Sherry Kaswell, Esq., Department of the Interior, for the agency.
Katherine Riback, Esq., and Paul Lieberman, Esq., Office of the
General Counsel, GAO, participated in the preparation of the decision.
DIGEST
1. Where agency permitted competitive range offerors to submit
information to clarify ambiguities in their proposals and requested
responses in the form of best and final offers (BAFO), the agency
conducted discussions; these discussions were not meaningful where the
agency failed to advise the protester of its concern regarding the
protester's proposed noncompliant delivery schedule which, while it
was readily correctable, provided the basis to reject the protester's
BAFO as technically unacceptable.
2. Where the agency's needs regarding the type of processor that it
required changed after receipt of proposals, the agency improperly
failed to issue an amendment alerting offerors of the revised
requirement and providing all offerors an opportunity to submit
proposals based on the agency's actual requirement.
DECISION
International Data Systems, Inc. (IDS) protests the award of a
contract to Applied Computer Technology (ACT) by the Department of the
Interior under request for proposals (RFP) No. 143868-RFP97-12097.
IDS primarily objects that the agency failed to conduct meaningful
discussions.
We sustain the protest.
BACKGROUND
The agency issued a combined Commerce Business Daily synopsis and
solicitation for personal computers which was published on March 21,
1997. The solicitation contemplated the award of a fixed-price,
indefinite delivery/indefinite quantity contract for 6 months.
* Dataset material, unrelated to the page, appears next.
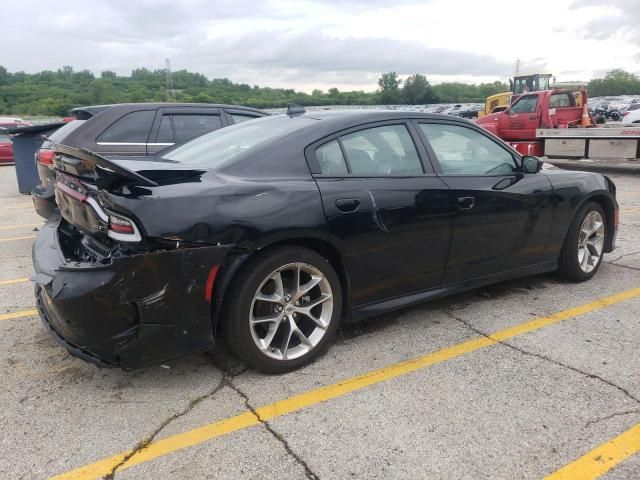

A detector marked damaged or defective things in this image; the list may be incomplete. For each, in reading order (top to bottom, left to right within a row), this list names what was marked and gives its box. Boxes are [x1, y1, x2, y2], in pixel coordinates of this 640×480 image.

crumpled rear bumper [32, 219, 232, 370]
cracked asphalt [0, 163, 636, 478]
damaged black dodge charger [32, 110, 616, 374]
The
RFP provided that award would be made to the responsible offeror whose
proposal represented the best value to the government, taking into
consideration price, conformance with technical specifications, and
past performance, with technical considerations being more important
than price. The solicitation stated that the agency reserved the
right to award the contract to other than the lowest-price offeror and
provided that the agency "intends to evaluate proposals and award a
contract without discussions with offerors (except communications
conducted for the purpose of minor clarification)." The agency issued
one amendment on March 28.
The agency received 42 offers by the April 17 due date. A technical
evaluation panel (TEP) evaluated the advantages and disadvantages of
each proposal, as a result of which seven proposals were "determined
to meet or exceed [the agency's] minimum specifications in all
critical elements, but each had not addressed some minor issues," and
were included in the competitive range. The agency sent each of the
seven competitive range offerors a written request for clarifications,
requiring each offeror to submit the additional requested information
in the form of a best and final offer (BAFO). The TEP then ranked the
seven BAFOs, weighing technical merit and past performance each at 40
percent, and price at 20 percent. This evaluation resulted in the IDS
proposal being ranked first, with ACT's proposal ranked second. ACT
proposed as an alternate a Pentium II processor, in addition to the
Pentium Pro specified in the solicitation.[1]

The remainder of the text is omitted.